### SUPPLIED MATERIAL

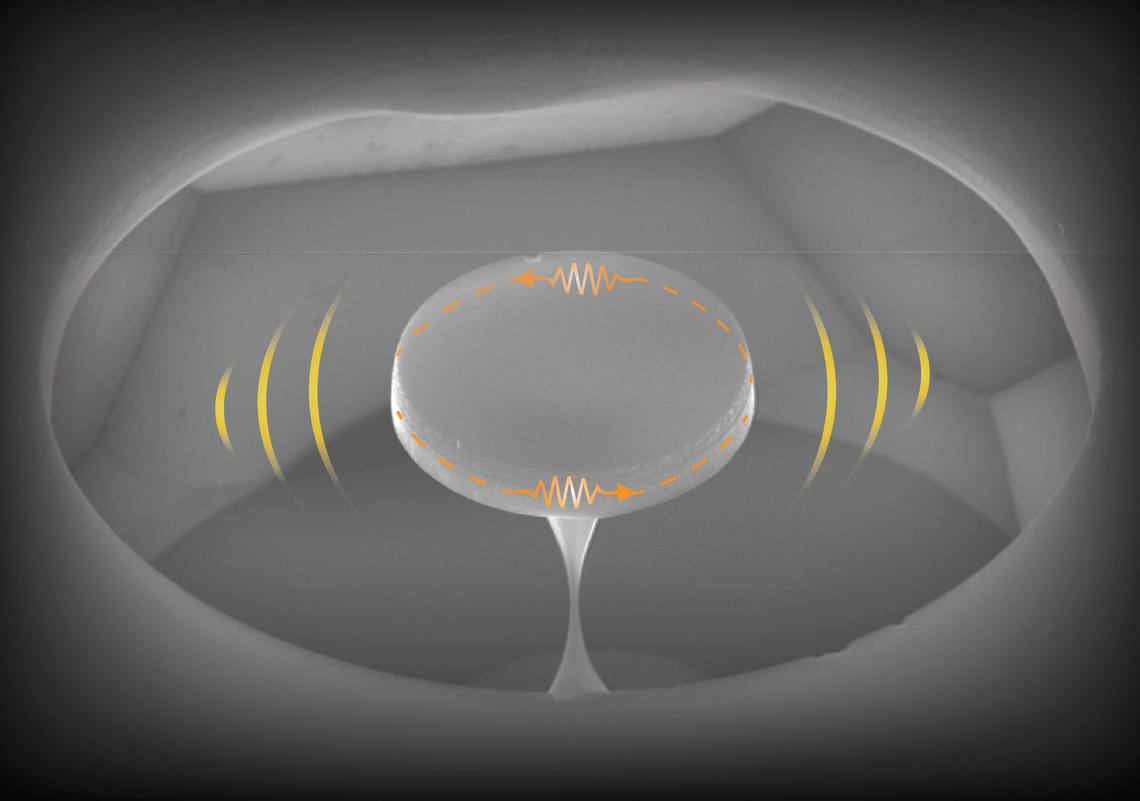 Barclay’s group used diamond to make their microdisk, which looks like a microscopic-sized hockey puck (the optical cavity) supported by a very tiny hourglass-shaped pillar in the centre. The group used light to vibrate the disk to a gigahertz frequency, the frequency used in computers and cell phone transmission. “It shows that diamond has a lot of potential as a material for making mechanical oscillators at this scale,” Barclay says.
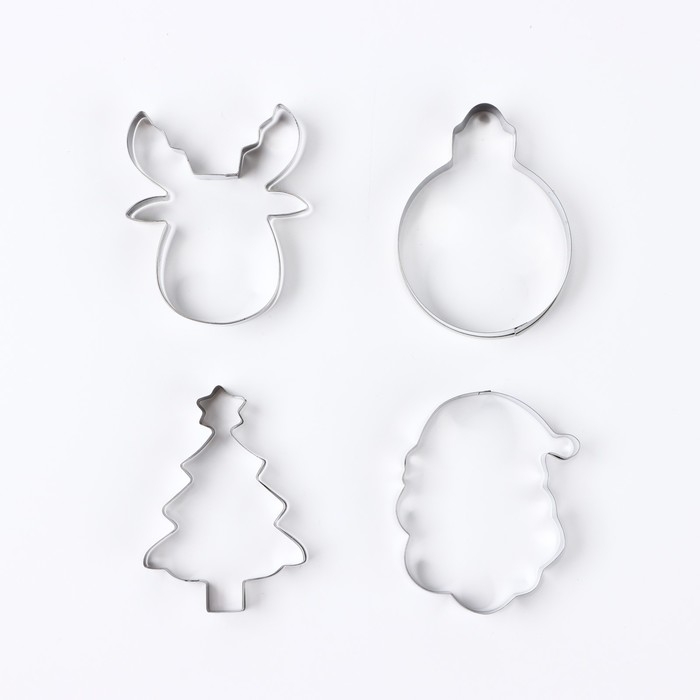 Новый год. Набор форм для печенья &laquo;Счастливого Нового года&raquo;, 4 шт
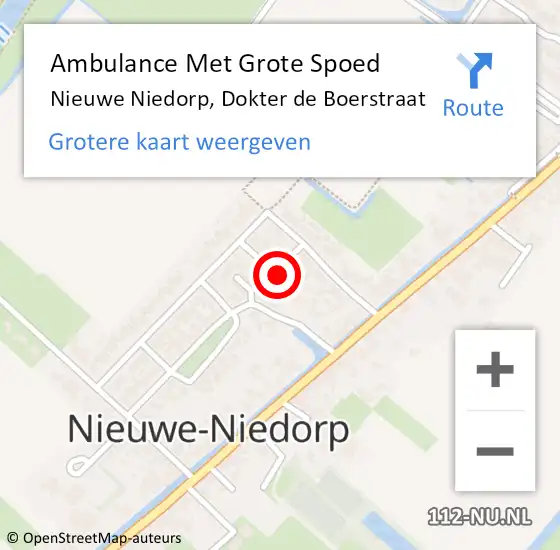 Locatie op kaart van de 112 melding: Ambulance Met Grote Spoed Naar Nieuwe Niedorp, Dokter de Boerstraat op 17 mei 2023 11:44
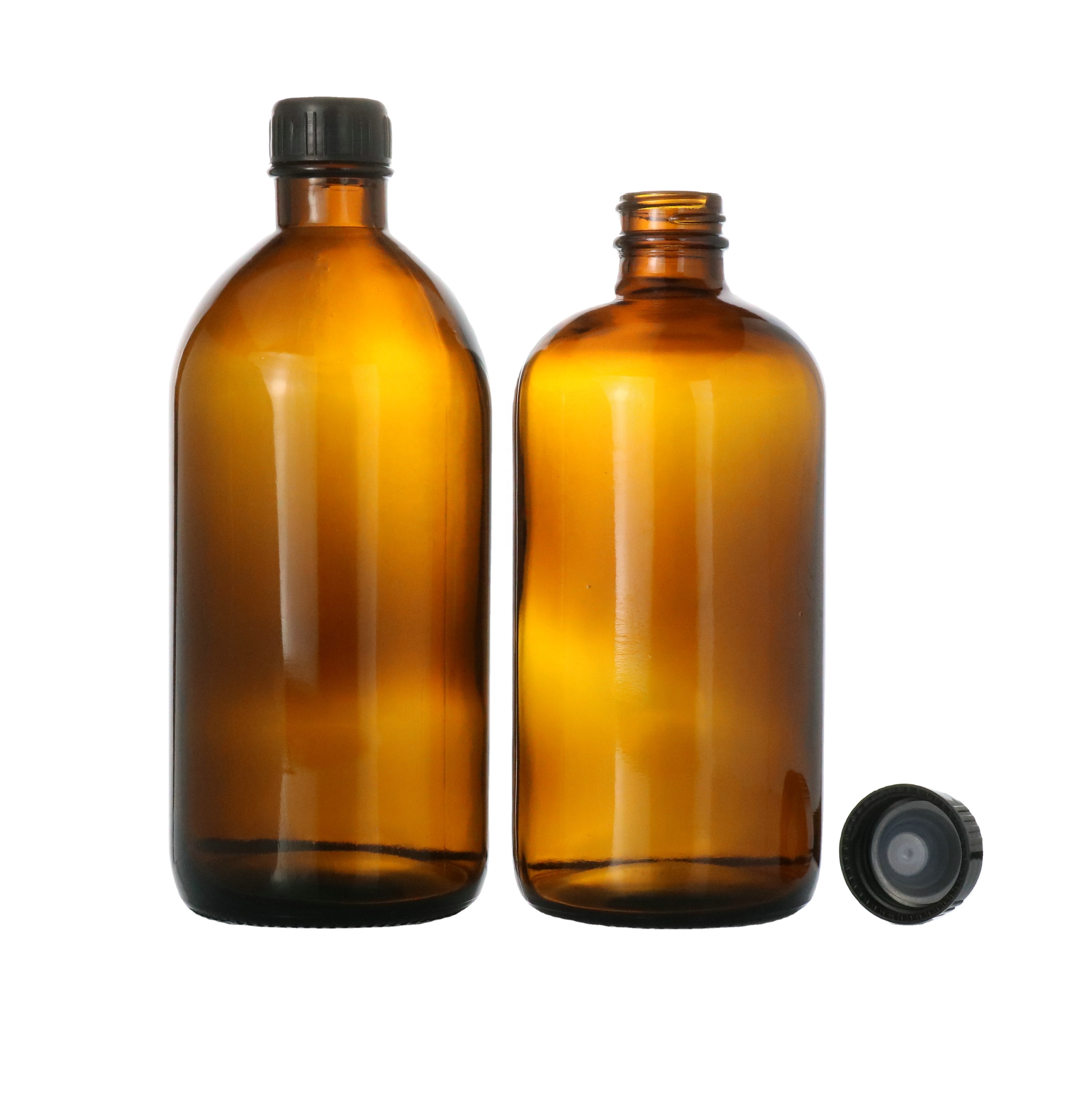 50ml 100ml Amber Boston Round Cosmetics Essential Oil Glass Bottles with Room Mist Spray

######

Give every line of the listing above again, exactly, with no images.

 Barclay’s group used diamond to make their microdisk, which looks like a microscopic-sized hockey puck (the optical cavity) supported by a very tiny hourglass-shaped pillar in the centre. The group used light to vibrate the disk to a gigahertz frequency, the frequency used in computers and cell phone transmission. “It shows that diamond has a lot of potential as a material for making mechanical oscillators at this scale,” Barclay says.
 Новый год. Набор форм для печенья &laquo;Счастливого Нового года&raquo;, 4 шт
 Locatie op kaart van de 112 melding: Ambulance Met Grote Spoed Naar Nieuwe Niedorp, Dokter de Boerstraat op 17 mei 2023 11:44
 50ml 100ml Amber Boston Round Cosmetics Essential Oil Glass Bottles with Room Mist Spray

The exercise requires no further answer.